Bulb shines disturbing light on current account market

The energy company found current account switching has actually enhanced the power of the industry's big guns and wants to prevent something similar from happening in its market

James Moore
Chief Business Commentator
Friday 08 December 2017 17:30 GMT
Have the bigger banks emerged as the winners from easier current account switching?
Have the bigger banks emerged as the winners from easier current account switching? (AP)

The challenge laid down by challenger banks hasn’t proved quite as challenging to the industry's establishment as policymakers might have hoped, at least according to figures ferreted out by energy company Bulb.

Using data provided by payments company Bacs, which oversees the current account switching service, Bulb found that smaller banks made a net loss of 176,063 customers over the last four years.

During the same period the big guns HSBC, Barclays, Lloyds, RBS and Santander, made a net gain of 218,092.
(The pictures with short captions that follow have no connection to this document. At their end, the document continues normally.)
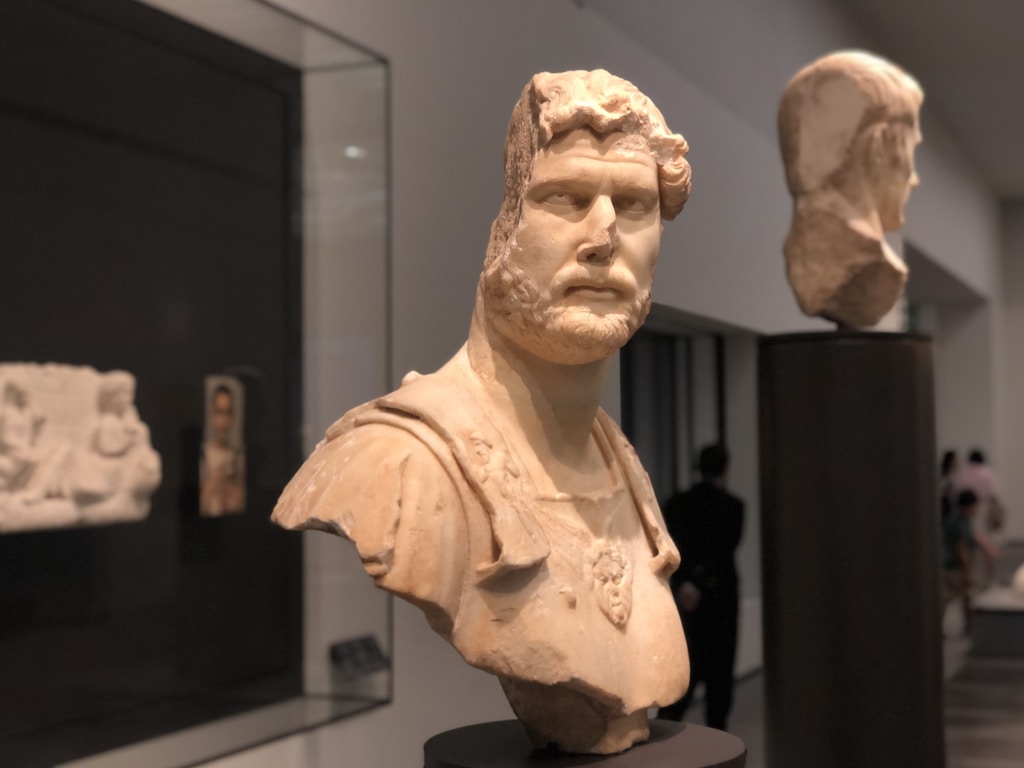 Classic Bust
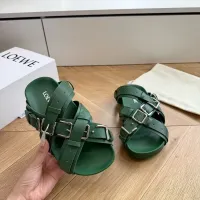 $98.00 USD LOEWE Slippers For Women #1472761
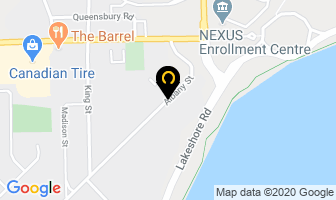 Easily Moved Equipment Inc in Mississauga map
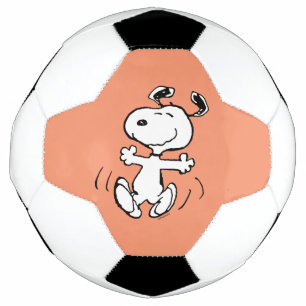 Erdnüsse   Ein Snoopy Happy Dance Fußball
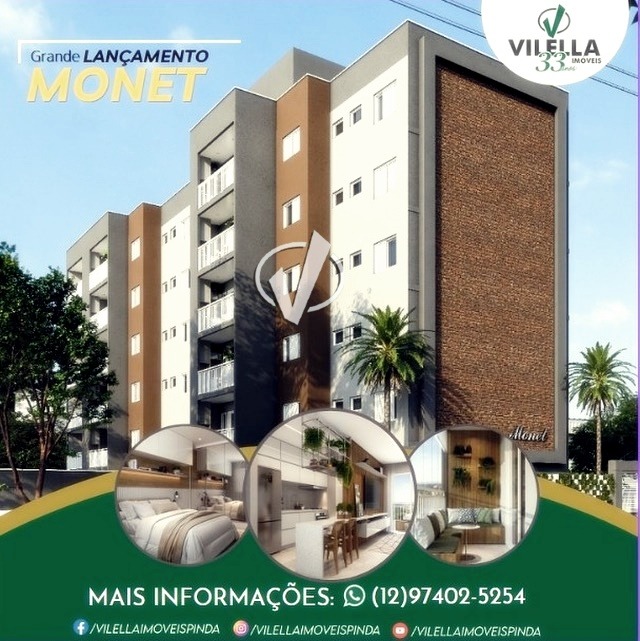 Apartamento à venda no Tabaú: 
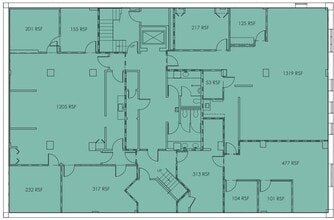 454 Soledad St, San Antonio, TX for lease Floor Plan- Image 1 of 1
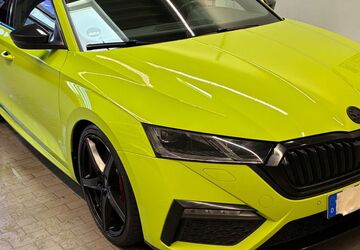 Skoda Octavia 78.677 km 23.900 &euro; Herbrechtingen 89542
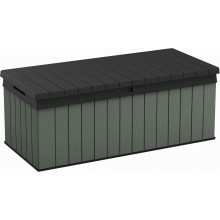 KETER DARWIN 380L Zahradní úložný box 142,5 x 65,3 x 54,5 cm, zelený 17211691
Notwithstanding the fact that the last named of those would have you believe that it’s a challenger, it’s still a striking finding.

But at this point you’re probably asking what on earth it has to do with an outfit like Bulb? Well switching, and encouraging it, is all the rage in energy at the moment where, as with banking, ministers and regulators are keen to see a little competitive vim introduced into the market to break the dominance of the big six providers and provide a better deal for the consumer.

In a submission to energy watchdog OfGem it argues that the big banks responded to launch of the switching service by deploying large advertising budgets and promotional offers to keep customers in their grip.

It points to the Lloyds owned Halifax’s launch a £100 one-off switching incentive plus £5 a month if a customer stays in credit. Or how about HSBC’s First Direct, which Bulb says upgraded its switching offer from £100 to £125 to coincide with the service's launch.

Bulb uses the information to insist that Ofgem “must ensure that any switching service should consider extra information for customers to make informed choices”.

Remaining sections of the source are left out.